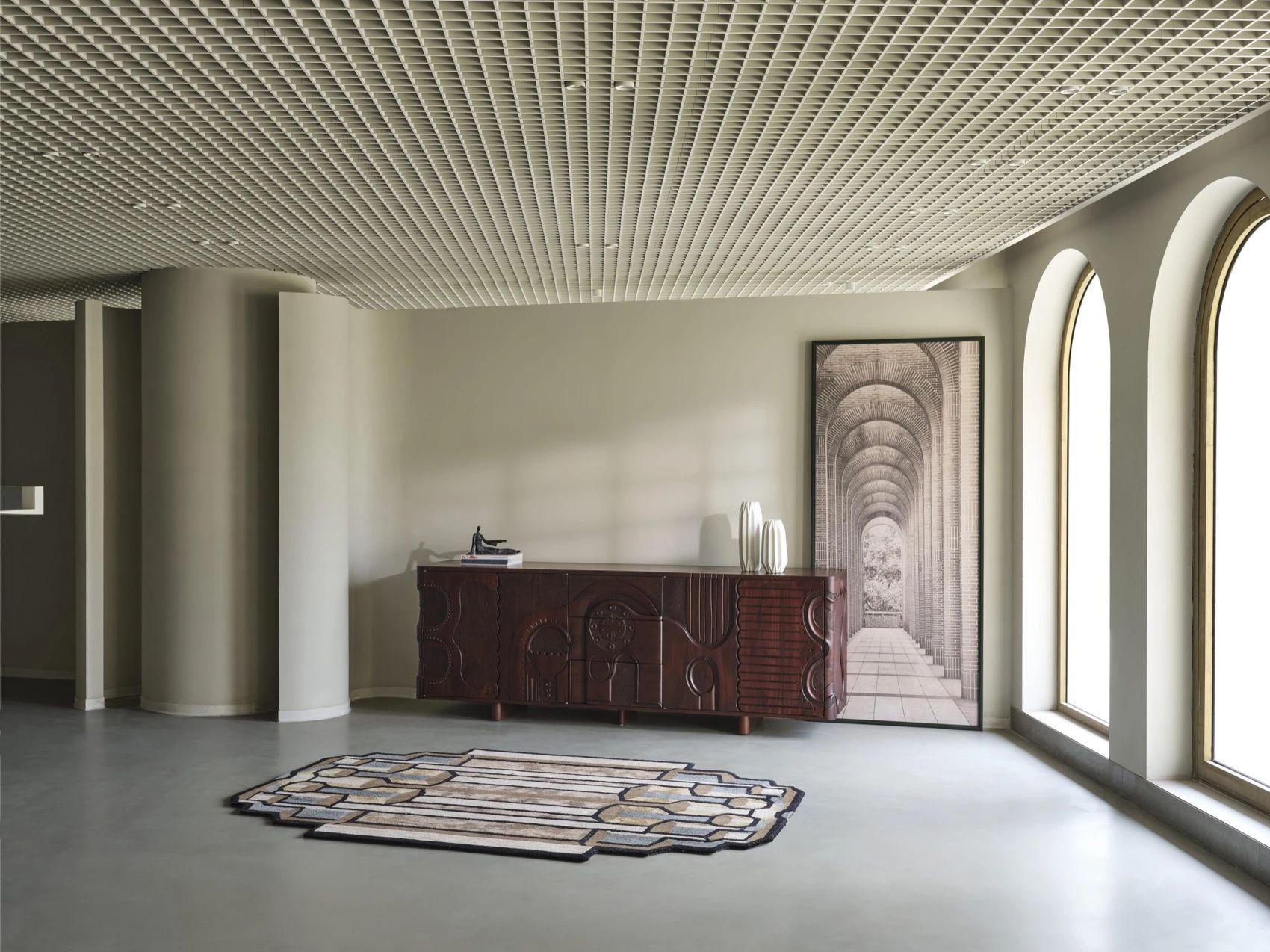 IDUS 零售店丨印度新德里-27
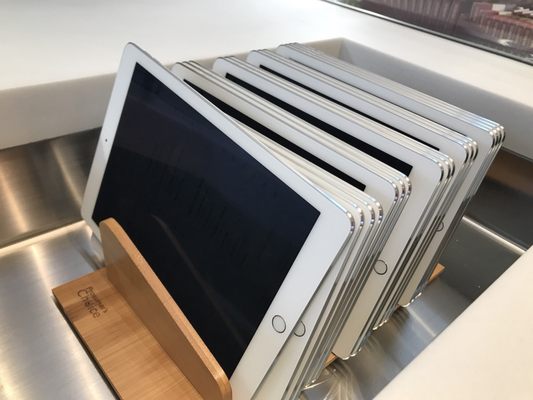 Apple Apple Park Visitor Center by null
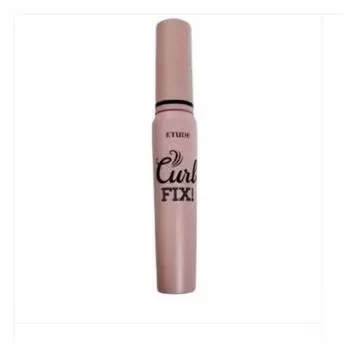 Etude NEW Curl Fix Mascara 8g, 01 black, 1 piece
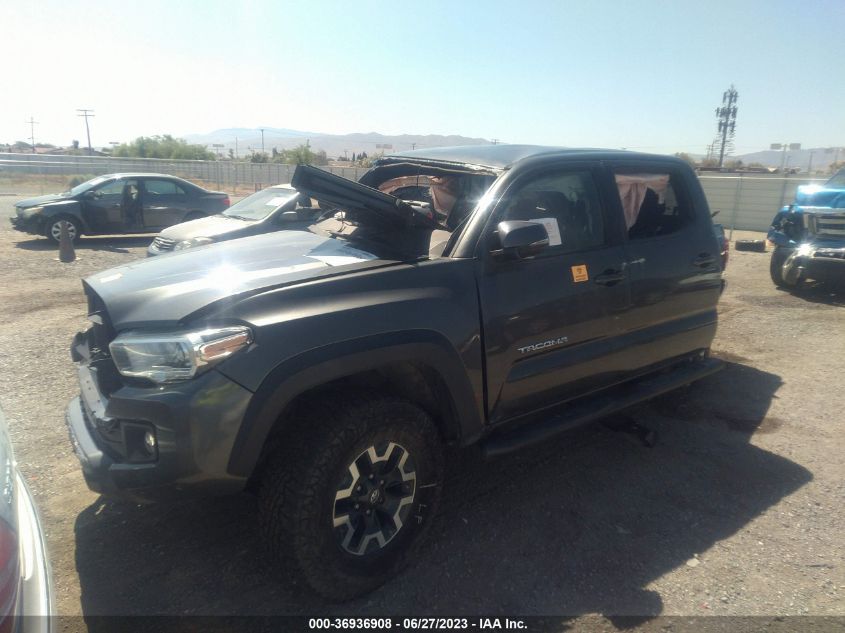 2017 TOYOTA TACOMA SR5/TRD SPORT - 3TMCZ5AN2HM098290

◇ ◇ ◇ ◇

§ TASK DETAILS
An exact copy of the data is required, with the pictures excluded.

§ ANSWER BOX
 IDUS 零售店丨印度新德里-27
 Apple Apple Park Visitor Center by null
 Etude NEW Curl Fix Mascara 8g, 01 black, 1 piece
 2017 TOYOTA TACOMA SR5/TRD SPORT - 3TMCZ5AN2HM098290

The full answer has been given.